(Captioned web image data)
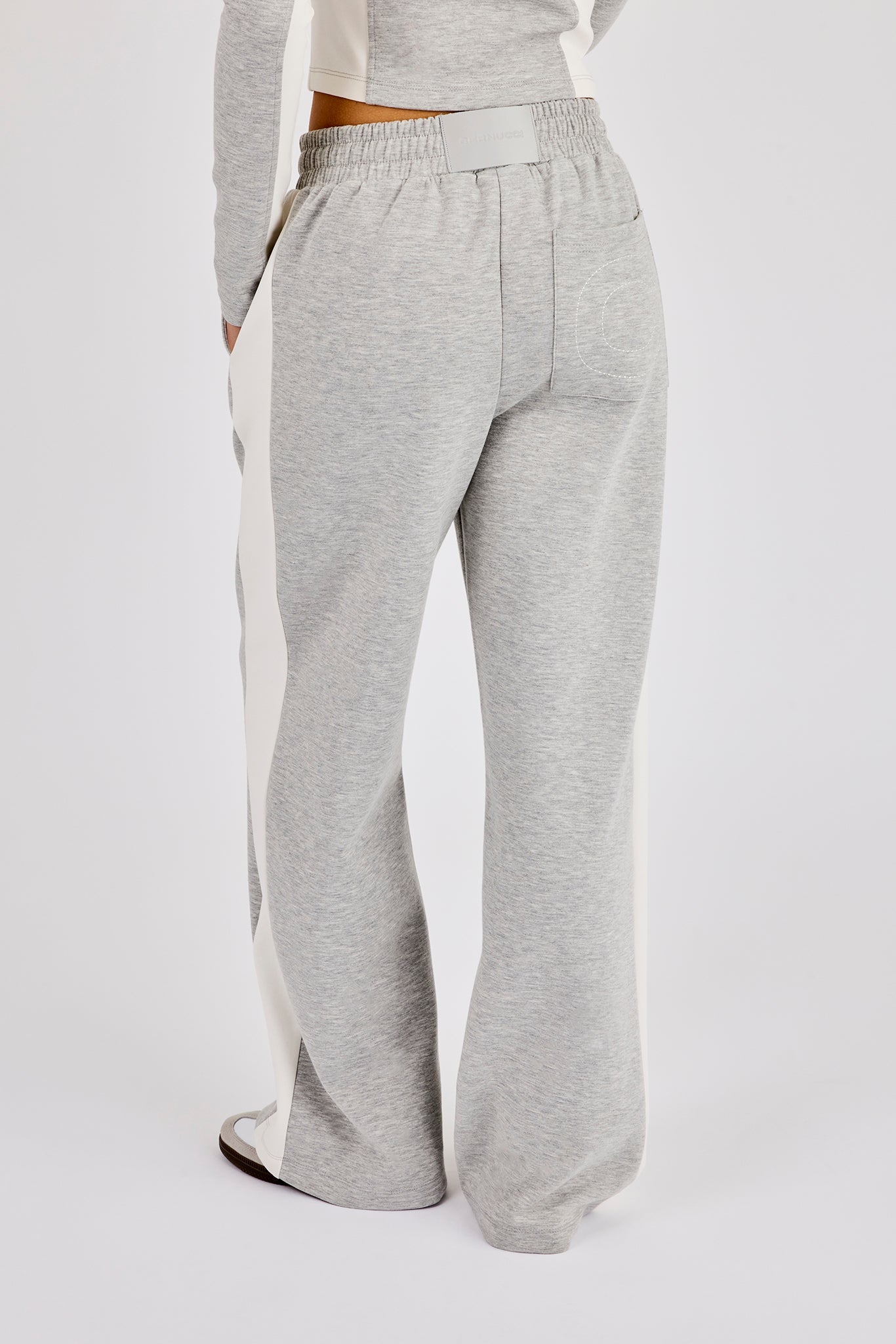 Soft Touch Panelled Jogger - Grey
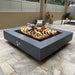 The Outdoor Plus 48" Cabo Square Fire Pit | GFRC Concrete The Outdoor Plus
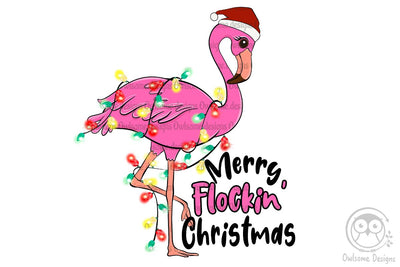 Flamingo Christmas Sublimation Sublimation LAM HOANG THUY 
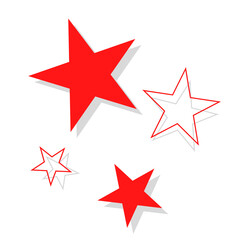 Exclamation Star Red White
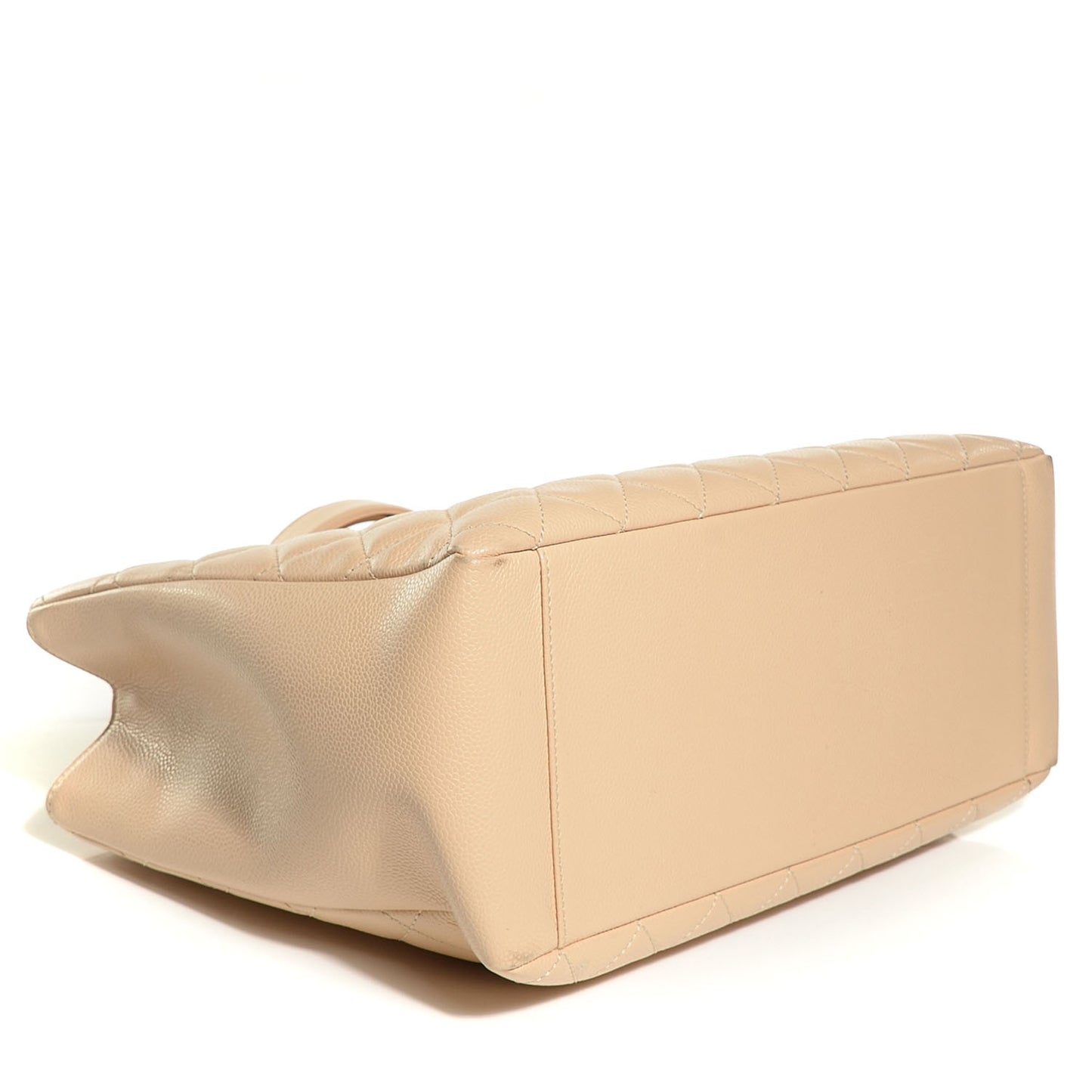 Caviar Quilted Grand Shopping Tote GST Beige Clair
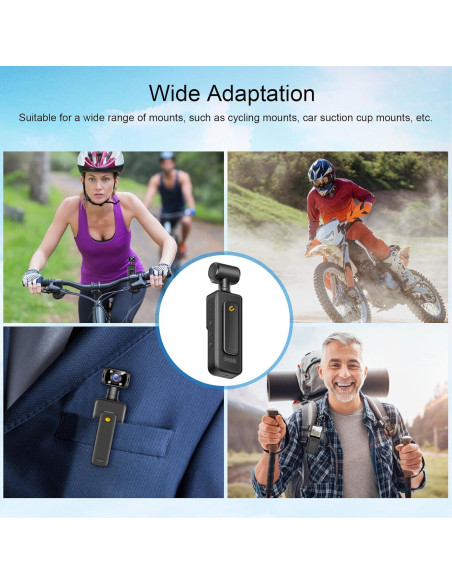 Cámara de Acción 4K Bewinner con Lente Rotatorio 180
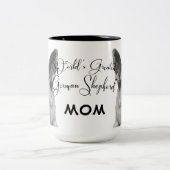 世界ですばらしいジャーマン・シェパードのお母さん ツートーンマグカップ (中央)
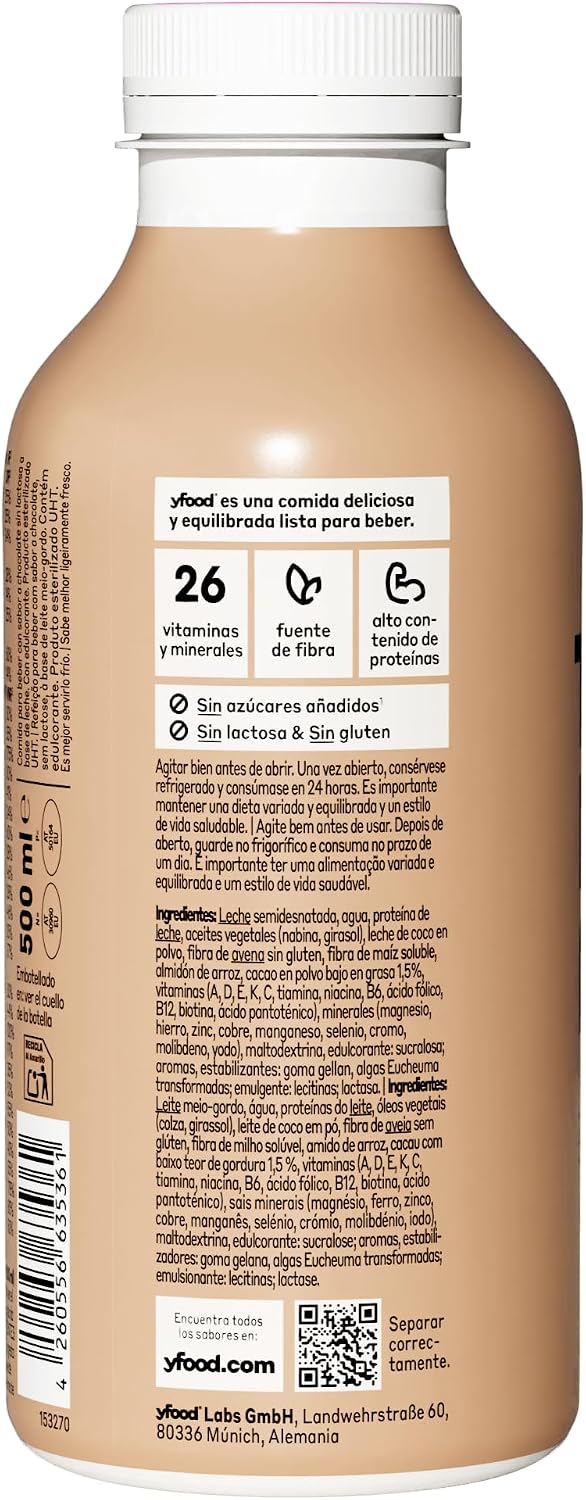 yfood Classic Choco Batido Sustitutivo 500 ml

_TASK TO COMPLETE:_ Pictures stay out of this copy. Retype exactly the lines from the one with "Caviar Quilted Grand" through the last line of the data, both ends included, and nothing more.

_THE COMPLETED TASK:_
 Caviar Quilted Grand Shopping Tote GST Beige Clair
 Cámara de Acción 4K Bewinner con Lente Rotatorio 180
 世界ですばらしいジャーマン・シェパードのお母さん ツートーンマグカップ (中央)
 yfood Classic Choco Batido Sustitutivo 500 ml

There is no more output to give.